Always within the lines.

As long as I can remember I have always been good. 

Listening well and do what was asked of me.

Even though I grumbled sometimes, I did it eventually. 

At school I was the one in the class that was always bullied.

I didn’t even dare say anything. Not in class. Not to the teacher. Not to the other children. To no one.

If I said anything then I would be bullied or laughed at.

I was very shy and, as you understand, had few friends.

It took me decades before I really stood up for myself.

Sometimes it’s still difficult to say everything I would like to say to people I have in front of me. I just think… and think.

This feeling still works against me every day. Especially in my business.

When I try to sell a program or course I’m afraid people won’t pay me money for that. That feeling gets less as I get more and more experience wih selling.

Also because I have come to realize that I can also earn money. And also a lot if I want to.

This took some time and hard work.

Working on myself, loving myself, think I can make money too.

And that it is ok.

Damn, it’s ok!

Why should I make less money then I want to?

Because I’ve always accepted it! I always said: I don’t have much money. I don’t earn much money. I wish I had more money, but…

You see the pattern here?

I blogged as a budgetcoach and I was always writing about savings and having less money.

No wonder I wasn’t making more money.

I was always in the short zone.

Until I realised that and I made a switch.
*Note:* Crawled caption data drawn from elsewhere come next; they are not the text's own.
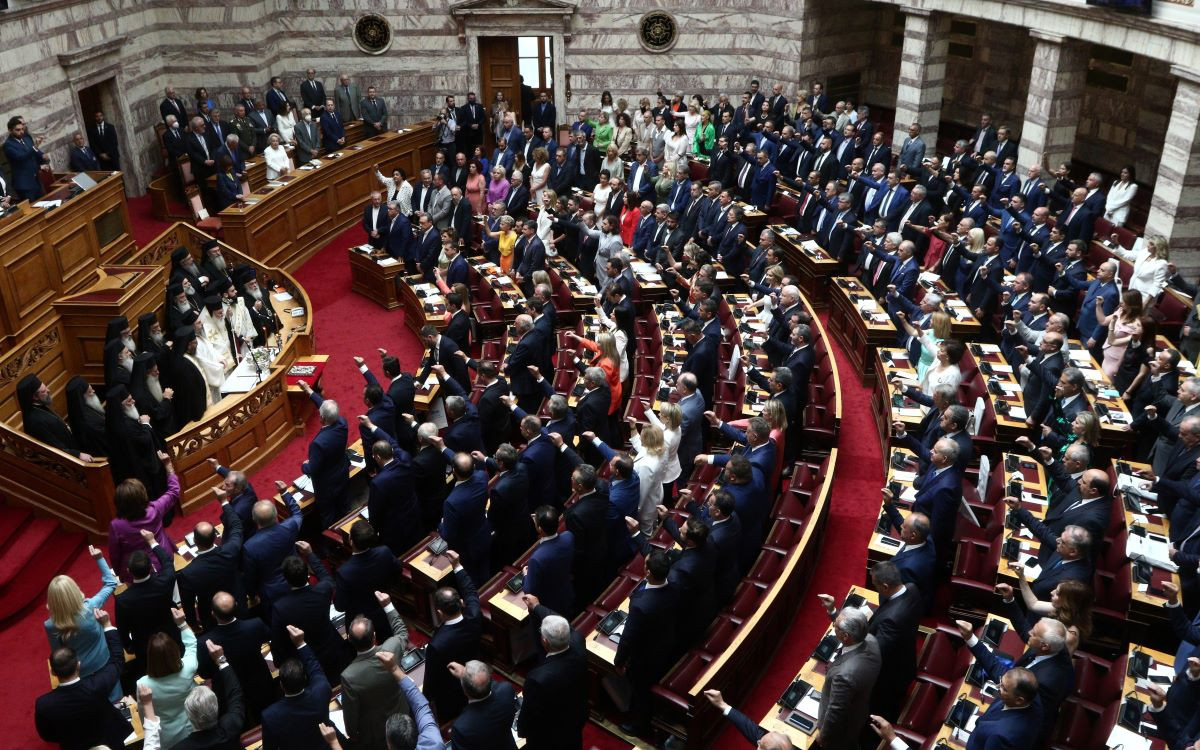 Βουλή: Η Ακροδεξιά χωροταξική πίεση… προς τα Αριστερά
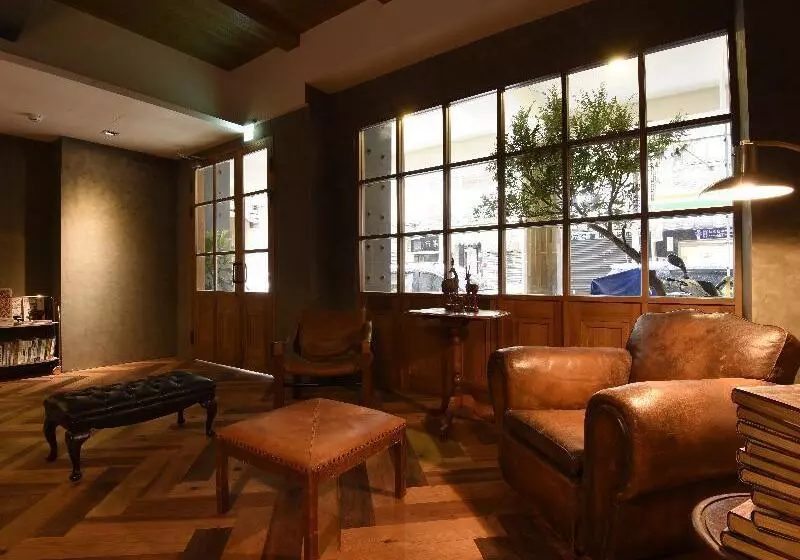 Fotos del hotel Roots Inn:  17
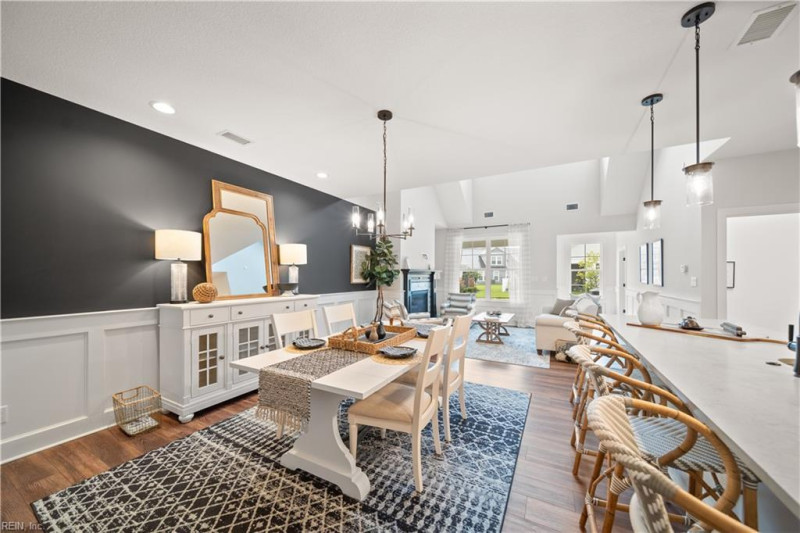 Photo 4 of 38 residential for sale in Chesapeake virginia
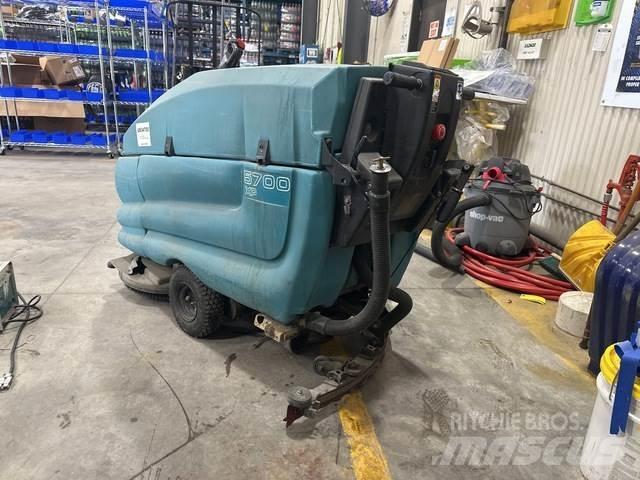 Tennant 5700XP 床洗浄機（スクラバー）
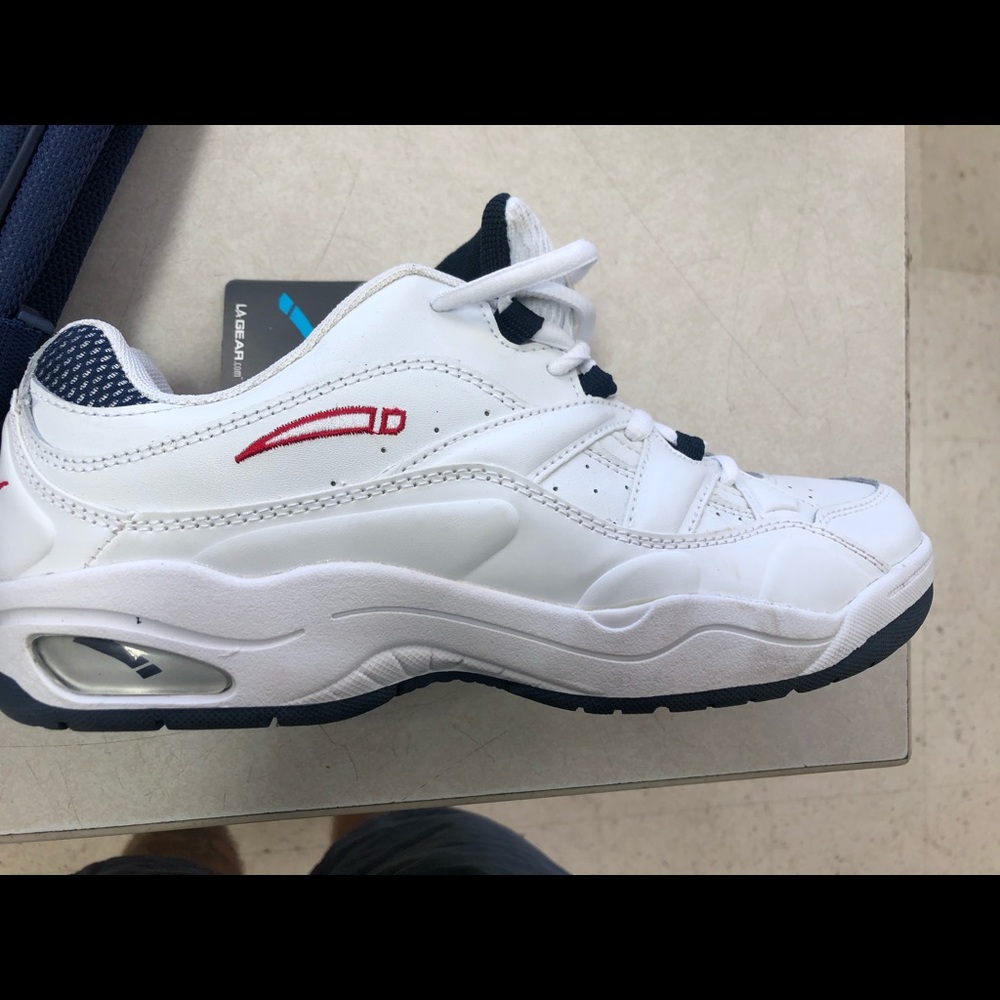 LA Gear size 8 men’s shoes/ sneakers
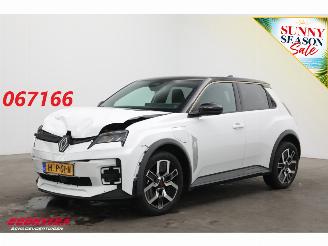 Schadeauto Renault 5 Urban range techno 40 kWh ACC Clima Apple/Android Camera PDC 2025/6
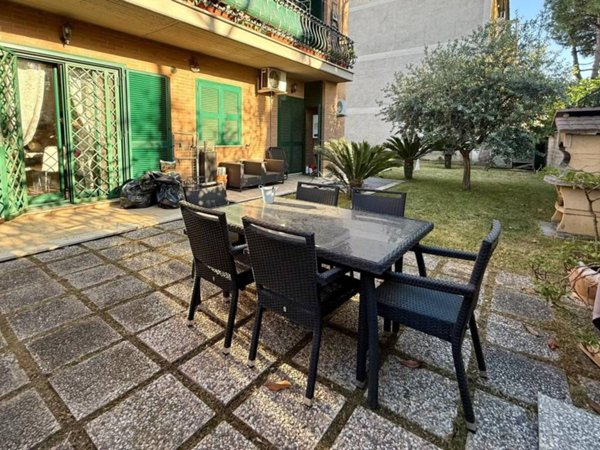 appartamento in vendita a Roma in zona Romanina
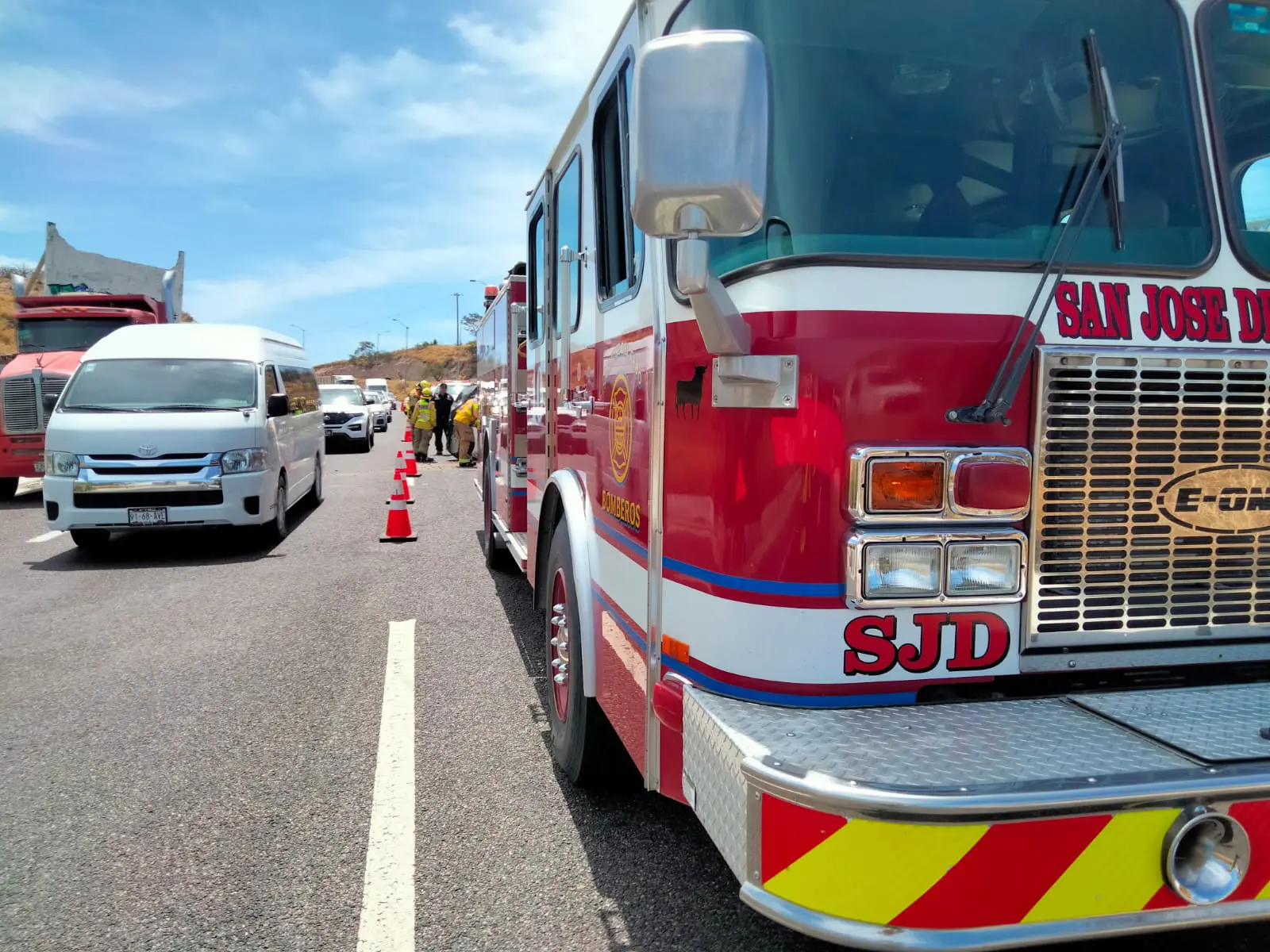 Volcadura en Cerro Colorado deja dos personas lesionadas
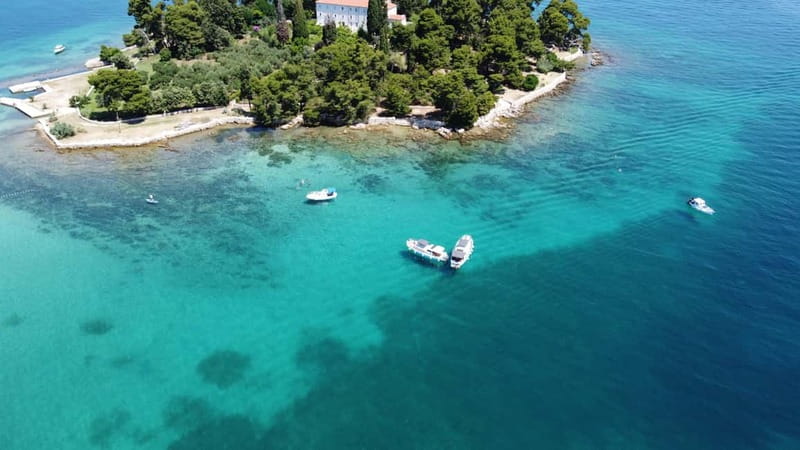 Zadar: Private Island Hopping & Wine Tasting with Canapés - Key points at a glance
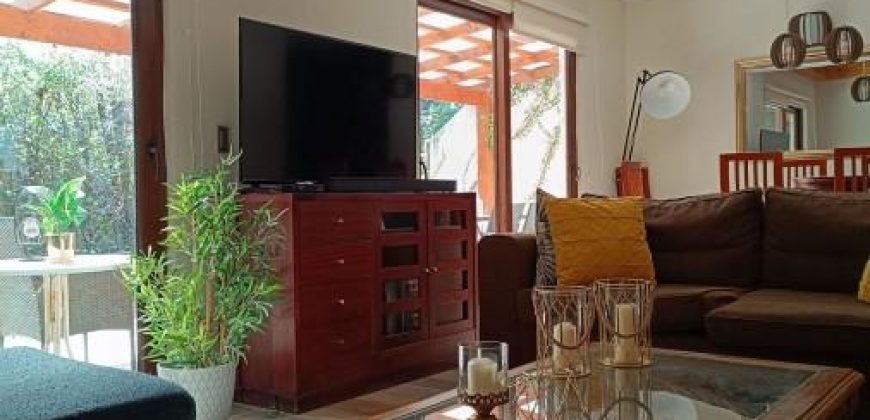 Se vende hermosa casa amoblada , en condominio camino al volcán a 8 minutos del centro de Pucón.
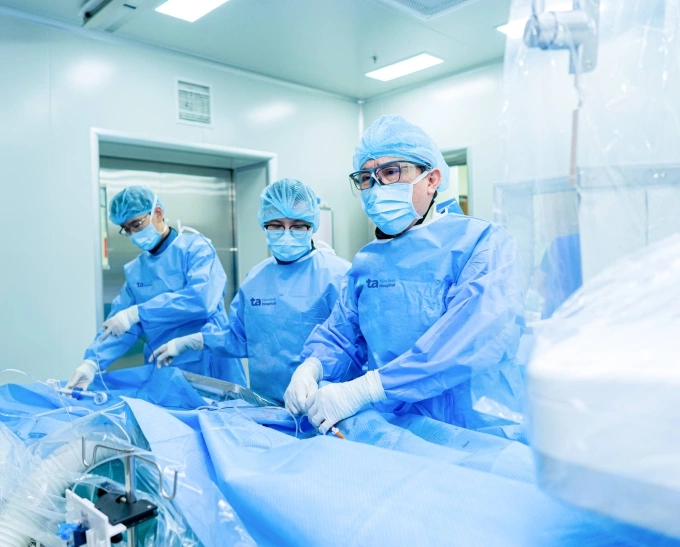 Êkíp bác sĩ đặt stent cho người bệnh. Ảnh minh họa: Bệnh viện Đa khoa Tâm Anh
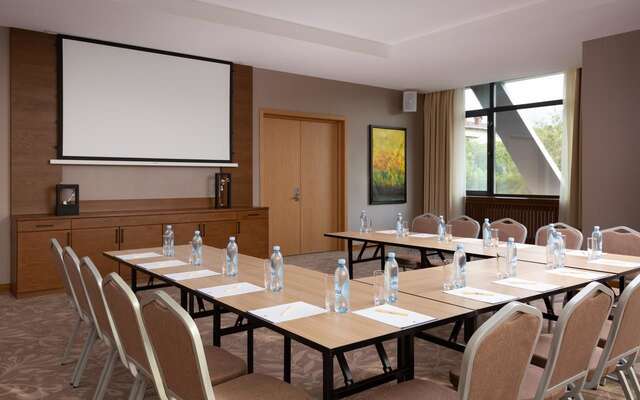 Отель DoubleTree by Hilton Almaty Алматы-36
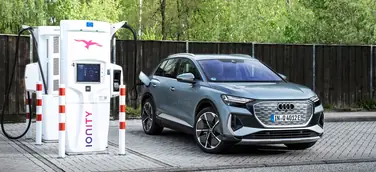 Höhere Ladeleistung und erweiterte Online-Funktionen für den Audi Q4 e-tron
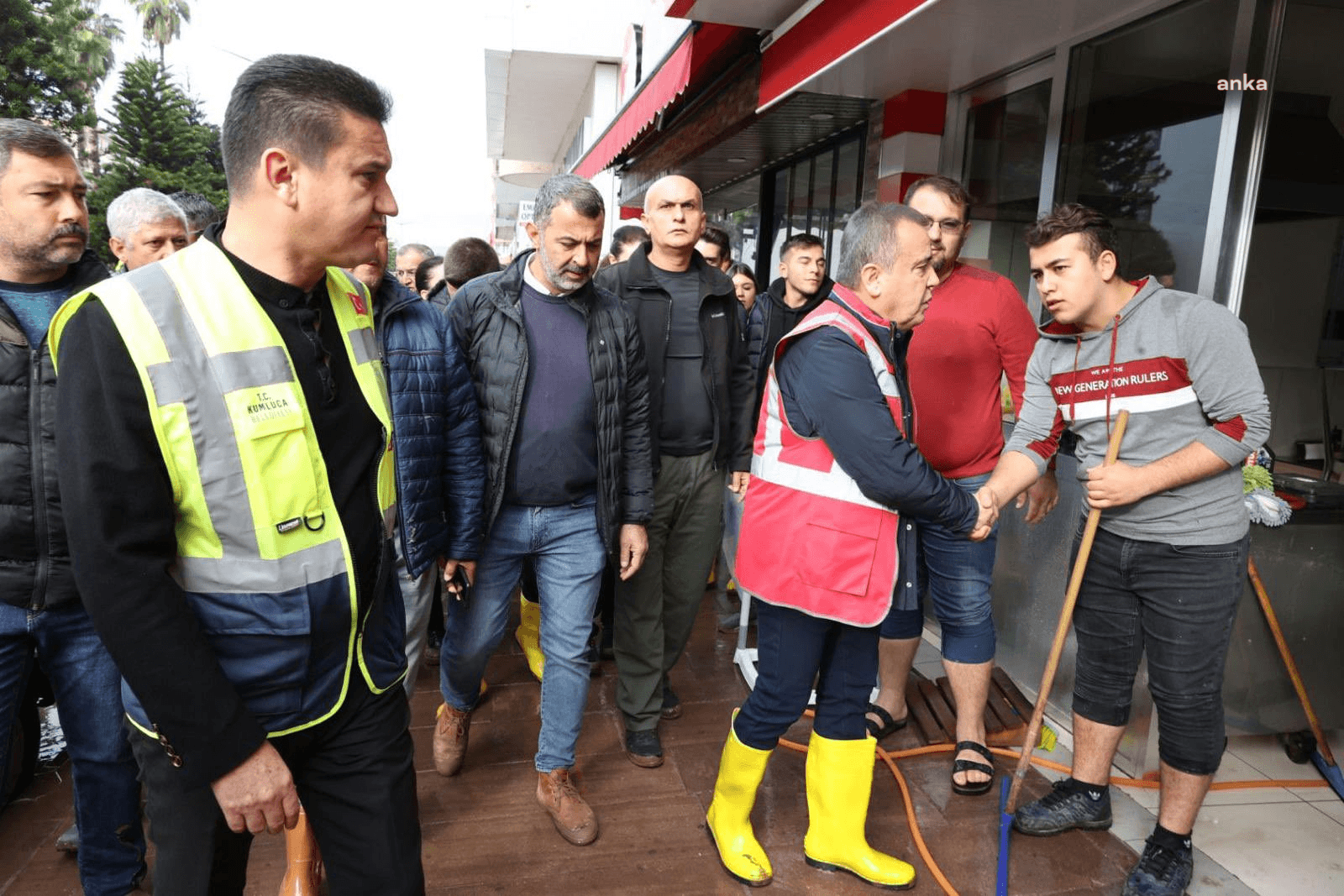 Antalya’da Meydana Gelen Selin Etkileri Ertesi Gün Ortaya Çıktı, Selden Sürüklenen Eşyalar Seraların İçine Girdi Antalya’da dün öğle saatlerinde başlayan ve akşam saatlerine kadar etkili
I read a lot about money coaches, about making money and, what I missed mostly, about Money Mindset.

And that’s were the switch came.

I was not allowing myself to earn more money. It’s a logical story.

If I was only thinking about less money, I would never ever have more of it!

Within the lines…

It also goes back before I was making my own believes. We all get much of our believes from our parents. How they think about money and act with money is how I did it either. I was living the same live as they were living it. 

I don’t know how your experience is with your parents, but when I say something that is another opinion then they have then I will hear it. Often when I look at myself I see my parents. And the good things are ok, but if I see things were I think of differently it is a battle.

Will I always be within these lines?

Most of the time when I see them I am, just because they don’t get what I think. I’ve learned a lot the last years about entrepreneurs, business, money mindset and go on. They have no idea what I’m talking about. And that’s ok. 

But when I’m in my own zone, I’m not within the lines anymore.

I like drawing outside the lines and you know? It’s beautiful outside the lines.

I’m open for more to see.

You can not always be within the lines.

I want to tell you that you should not always be within the lines.

Are you? Within the lines right now?

Realise when you are and why.

Sometimes you just can’t do the things you want in your way and on your terms. You are not alone on this world. But it is good to realise when you are and when you aren’t.

You have to think about it, because you don’t want to life like others want you to.

At least they don’t!

And do you want them to live like you want them to? No, you don’t even think about that.

But you do think about what others think you should do. You know what? They don’t even know it that they do that. They don’t know that they put their believes, opinions and norms to you. They just think that their truth is the only truth. 

Stop that right now and live your life on your terms!